Auckland Museum director Vanda Vitali has offered an olive branch in a performance dispute with the museum trust board.
Dr Vitali yesterday said her performance review was taking place in the context of the board's thinking about the direction in which it wanted to take the museum.
"This is a healthy, natural process and I look forward to working through this with the board," she said. "The way in which the museum serves the people of the Auckland region is an important debate, and it is essential one to have as the new Super City emerges."
Dr Vitali and the board are embroiled in a dispute centred on a string of controversies since the Canadian was appointed in September 2007. Board chairman Dr William Randall said it was the "frequency" of controversies that sparked a fair amount of debate around the board table.
Auckland mayors have become involved to "save" the director from the board. Yesterday, Waitakere Mayor Bob Harvey suggested Te Papa chairman and Auckland Art Gallery Foundation chairman John Judge as a mediator. It is understood that Mr Judge would be willing to help, if approached.
Details also emerged yesterday of another controversy involving Dr Vitali to do with this year's commemoration of the World War I battle of Passchendaele in Belgium. Returned serviceman Colin Andrews said the museum "thumbed its nose" at a travelling exhibition, Passchendaele: The Belgians Have Not Forgotten, from Belgium. He said it was subsequently displayed at Fort Takapuna after some diplomatic work from the honorary consul of Belgium in New Zealand, Iain McKenzie.
Mr Andrews, who lost a great uncle in the Great War, said Dr Vitali appeared to be ignoring the primary purpose of the museum as a war memorial and should go.
"The Auckland War Memorial Museum building was established through funds raised in the 1920s by families who lost loved ones in World War I," he said.

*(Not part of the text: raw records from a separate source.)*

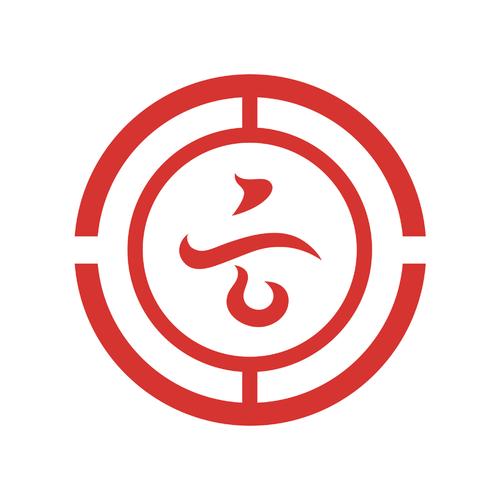 怎样云岭职工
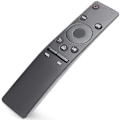 Miniatyrbild 1 av 3: Universal Ersättning för Samsung Fjärrkontroll Passar för Samsung TV Fjärrkontroll BN59-01242A BN59-01259B BN59-01260A BN59-01241A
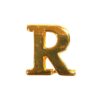 dourado r
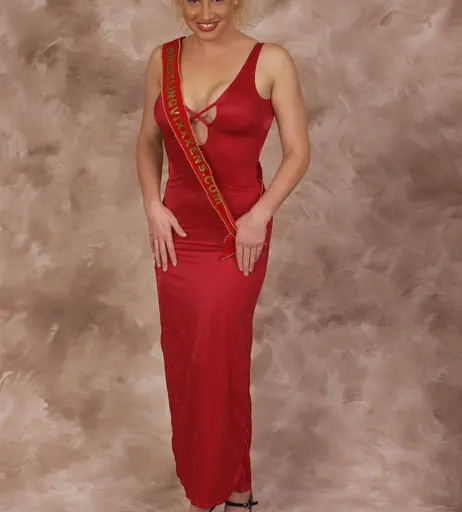 Image 7269569 from Tammy Sytch (Sunny)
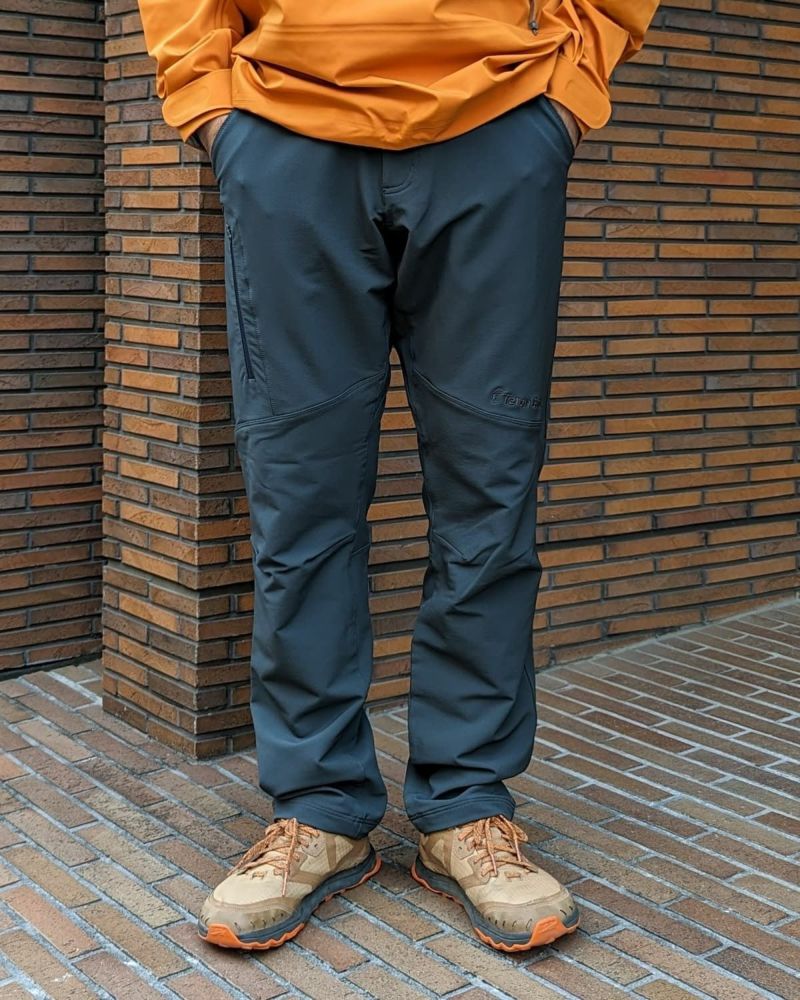 Teton Bros. / Crag Pant｜ティートンブロスの通販 - BLACK BRICK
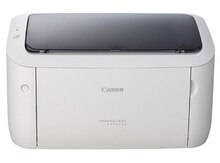 Printer "Canon LASERJET LBP 6030"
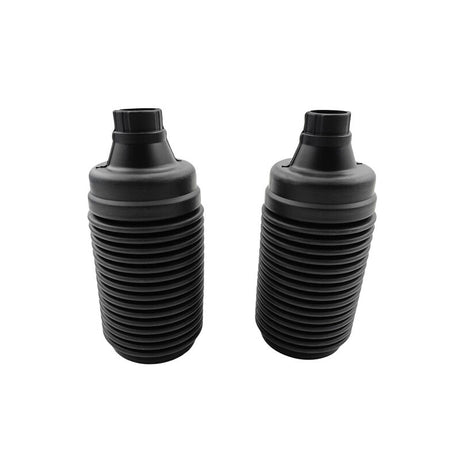 Machter 2 x Rear Shock Absorbers Left & Right Hand Side Fit For Subaru Liberty BL BL5 BL9 BLE BP BP5 BP9 AWD RSA-SB001 - Machter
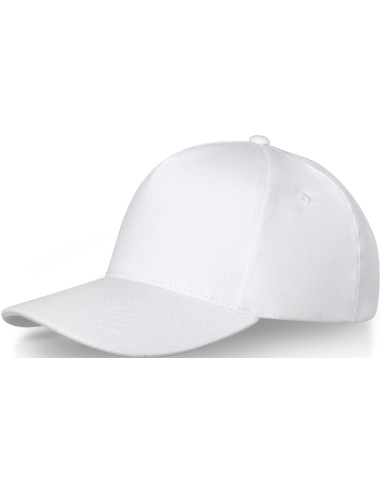 Gorra de 5 paneles Personalizado 6638677
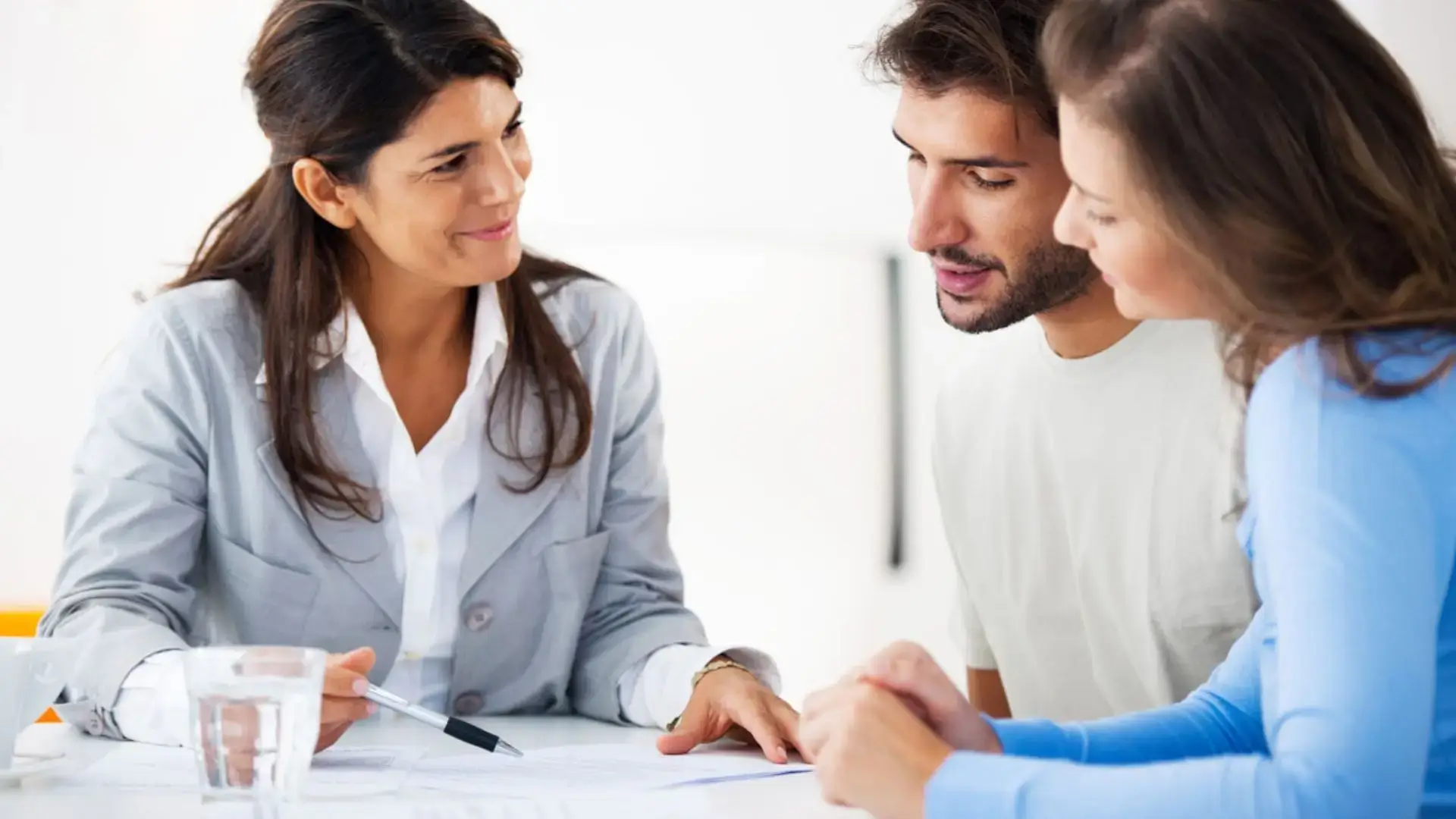 Ontario Association of Osteopathic Manual Practitioners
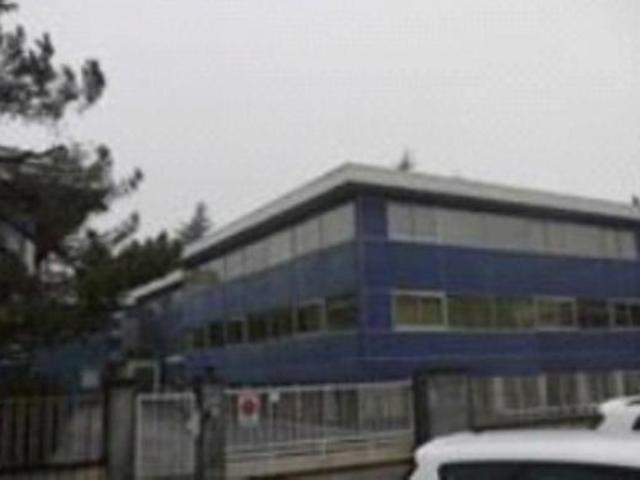 Immobile in asta di 7 m con più di 5 locali in vendita a Cuneo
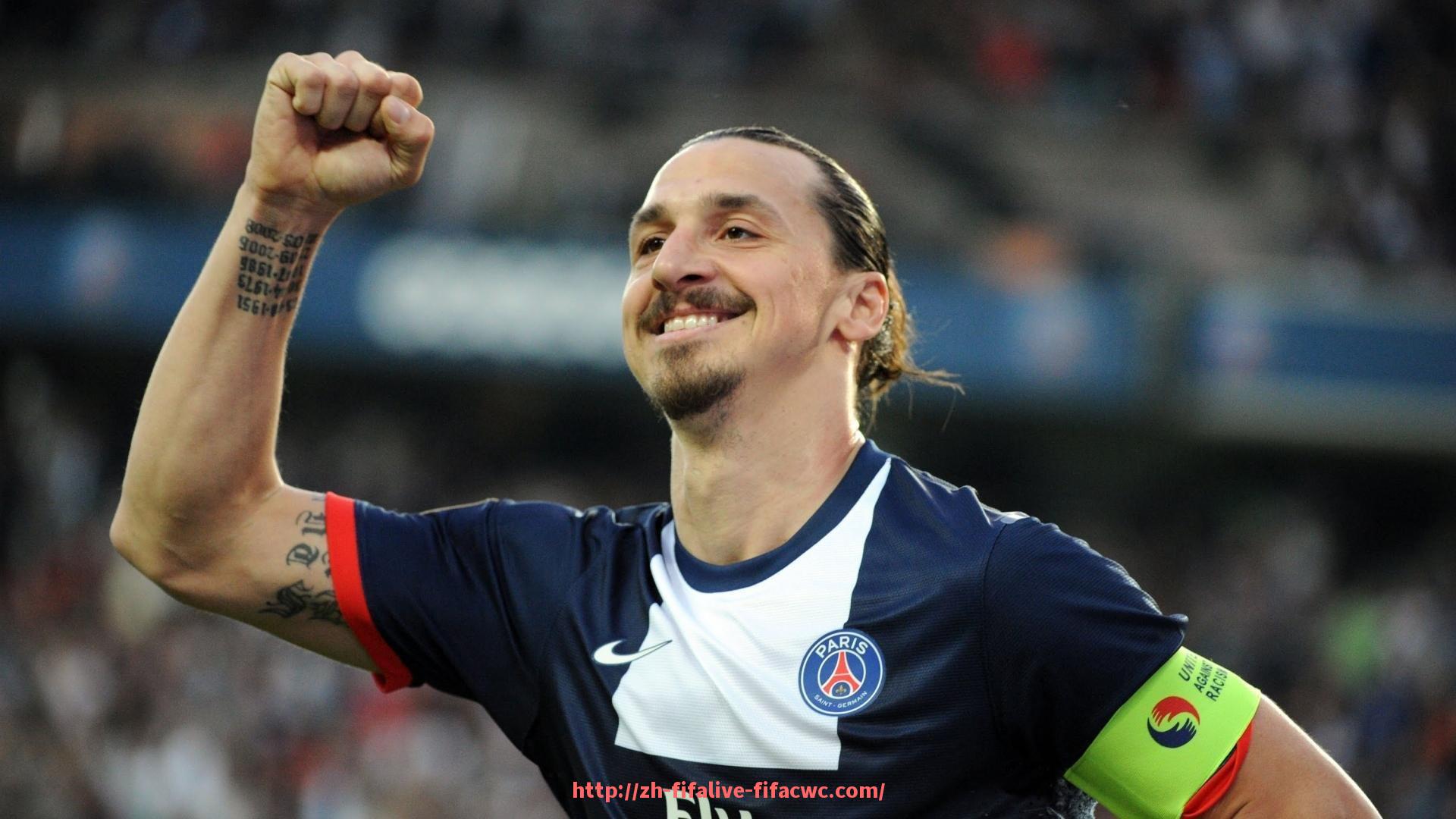 世俱杯直播-如何通过制度建设控制世俱杯赞助商合同履约风险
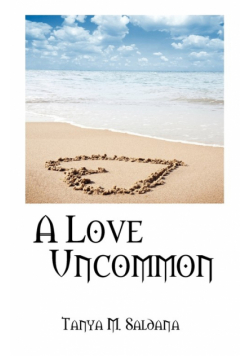 A Love Uncommon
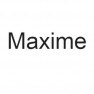 Maxime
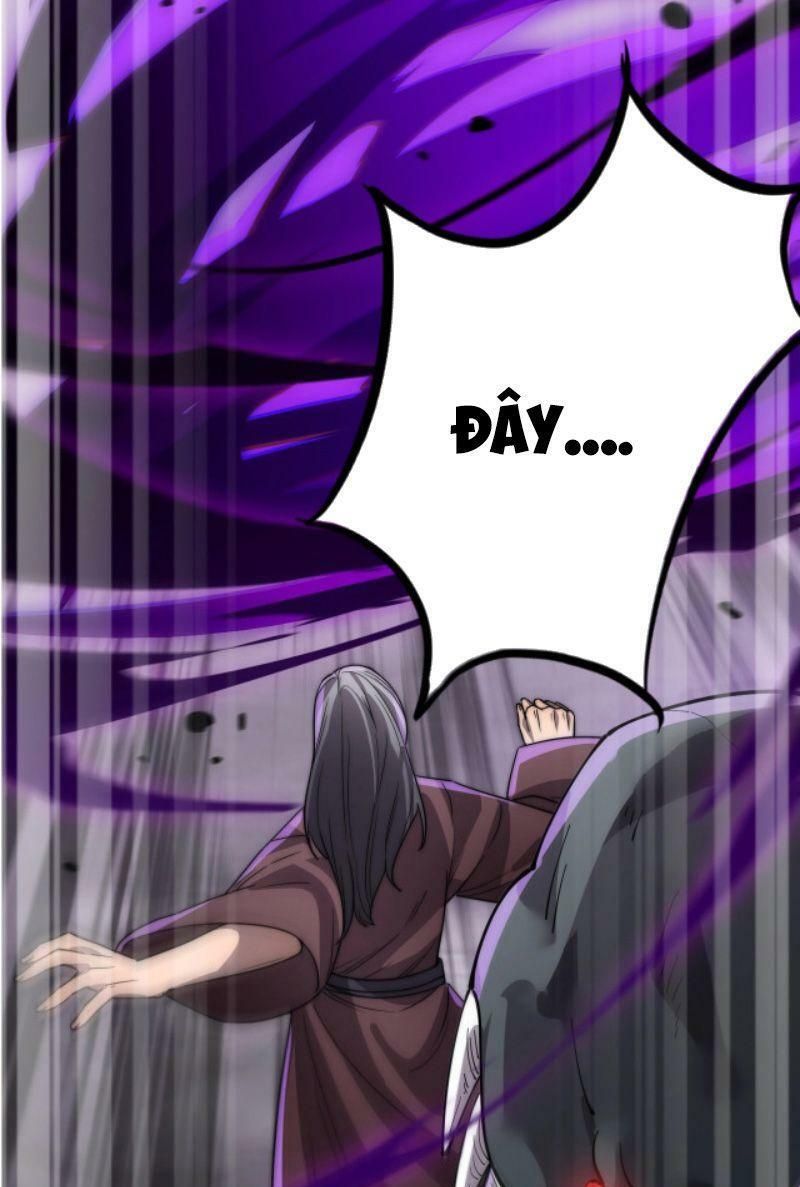 đọc truyện Phế Vật Này Mạnh Đấy Chương 1 ảnh 9 tại Thiên Thai Truyện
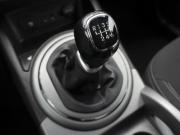 Kia Sportage III Рестайлинг Орехово-Зуево  - изображение 26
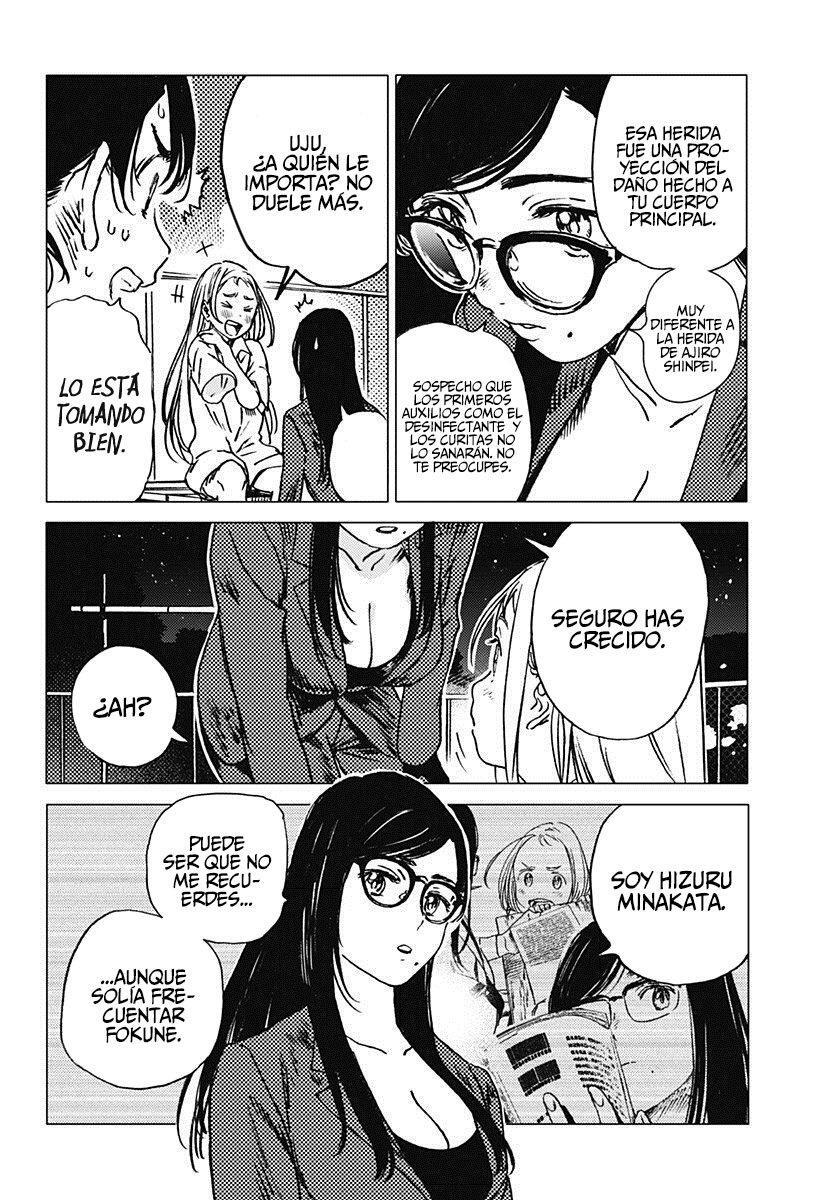 Capitulo 38 page 5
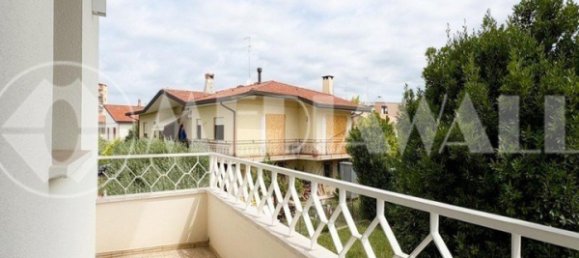 3 bedrooms Apartment in Portogruaro, Italy No. 281552 28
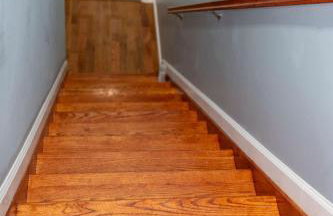 A cozy serene 3 BDR, 2 full baths near JFK & LaGuardia Airport - Foto 2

Karl Petrie, whose grandfather Ian Petrie served in the Bomber Command - was upset at being refused space at the museum for a bronze memorial for which they had raised $100,000 - said it only went ahead with grudging acceptance.
The chairwoman of the Auckland Museum Institute, Rae Nield, said it was sad to see "our treasured museum brought into the public arena in such a negative way".
"I attend the trust board meetings and I have observed the trust board operating in a very positive way and I have every reason to believe that in a confidential matter of this kind they will behave in a professional manner."